**What the task asks**. Copy out the entire listing below exactly, but without its pictures.

**Information given**.
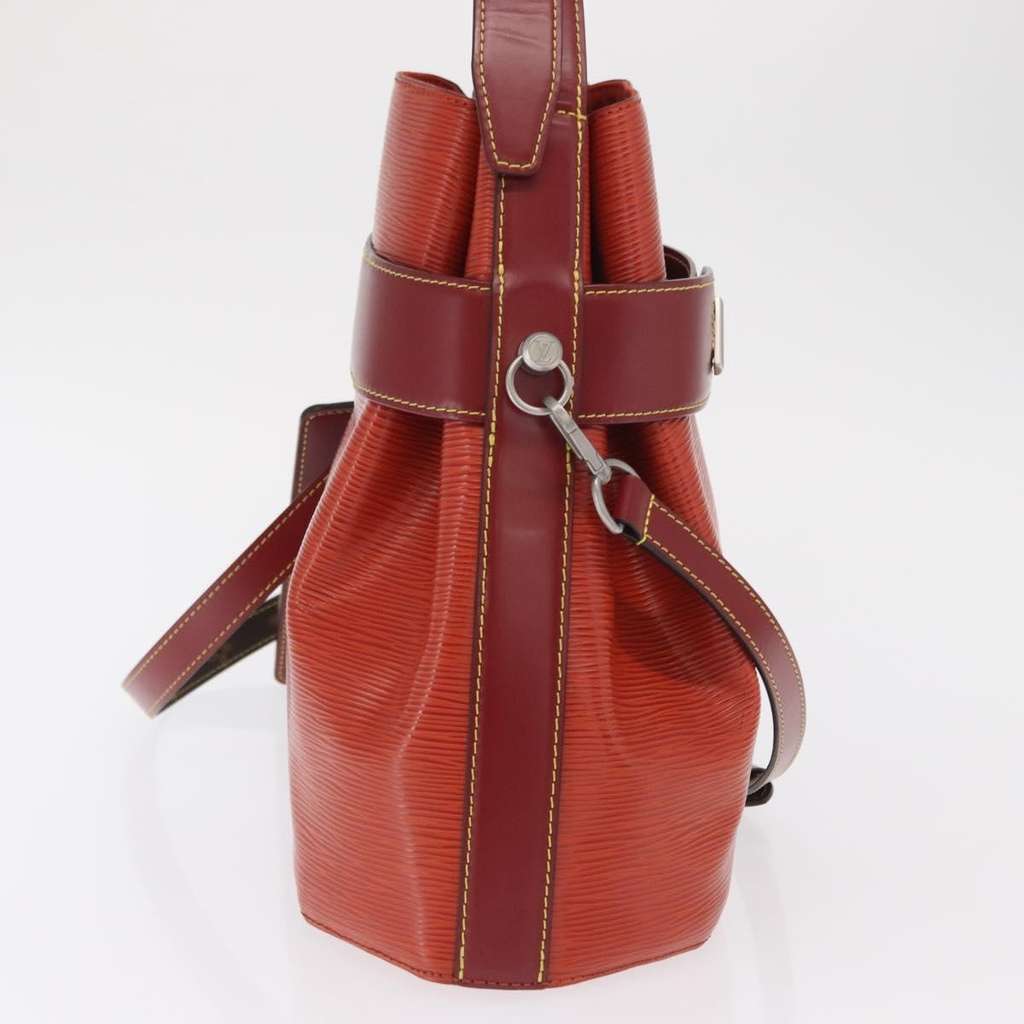 Louis Vuitton Twist Bucket Bag Red Leather Good condition - Model View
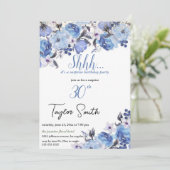 Blauwe elegante Bloemen Verrassing Party Uitnodige Kaart (Staand voorkant)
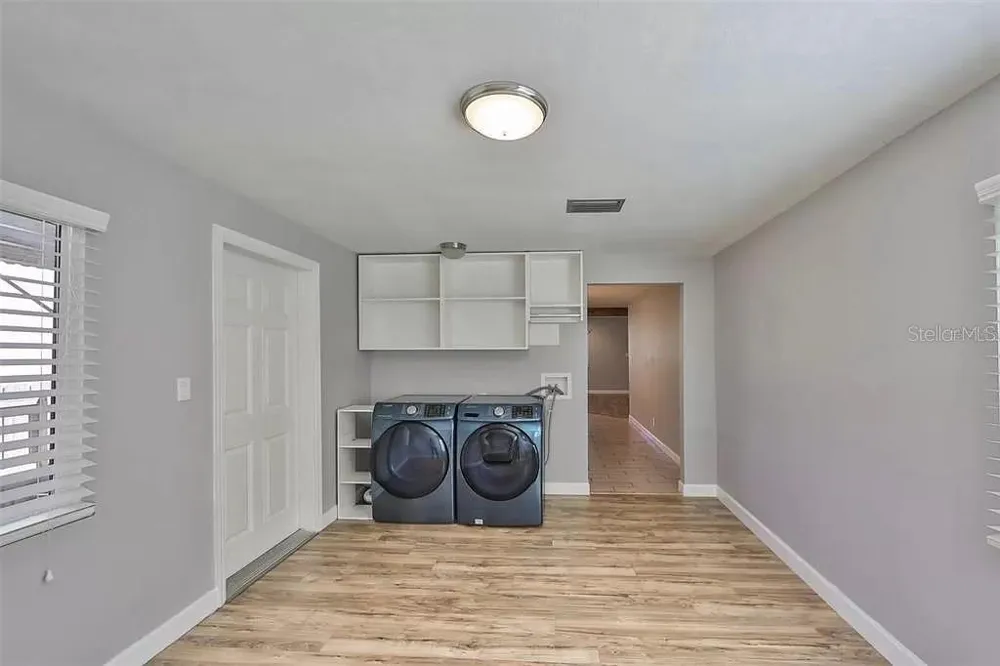 3219 W LEROY STREET Tampa, FL 33607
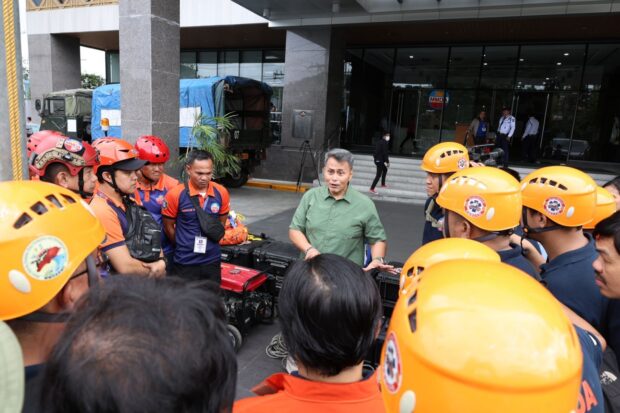 The Metropolitan Manila Development Authority deploys a team composed of 40 personnel from its Public Safety Division and Road Emergency Group to northern and eastern Samar to help residents in flooded areas following heavy rains, shear line and low pressure area. Photo courtesy of MMDA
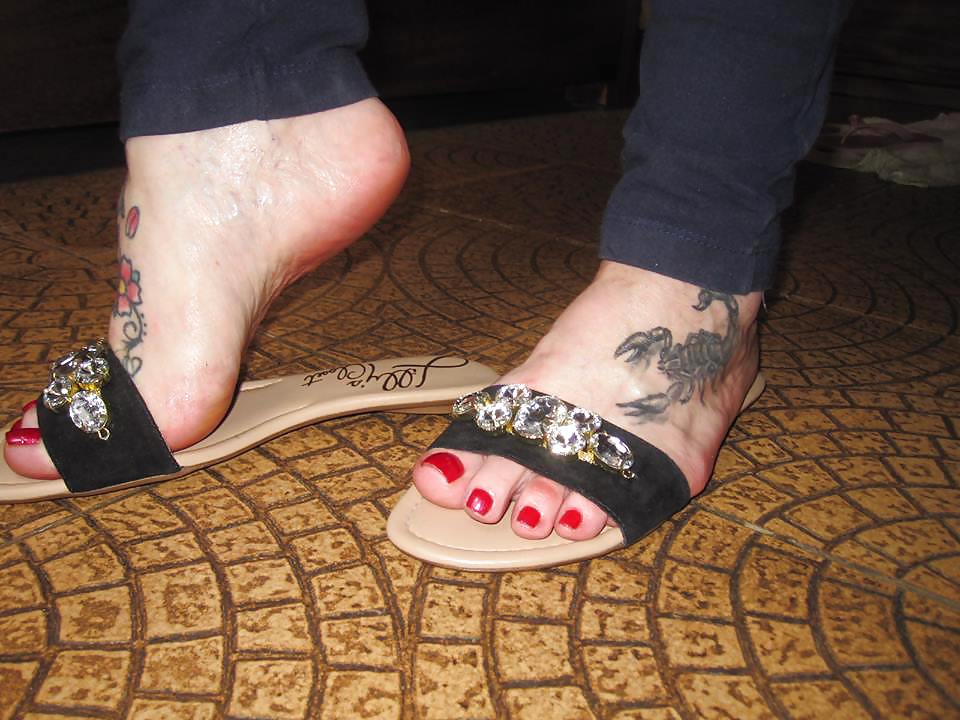 Feet mature #36174744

**Exercise solution**.
 Louis Vuitton Twist Bucket Bag Red Leather Good condition - Model View
 Blauwe elegante Bloemen Verrassing Party Uitnodige Kaart (Staand voorkant)
 3219 W LEROY STREET Tampa, FL 33607
 The Metropolitan Manila Development Authority deploys a team composed of 40 personnel from its Public Safety Division and Road Emergency Group to northern and eastern Samar to help residents in flooded areas following heavy rains, shear line and low pressure area. Photo courtesy of MMDA
 Feet mature #36174744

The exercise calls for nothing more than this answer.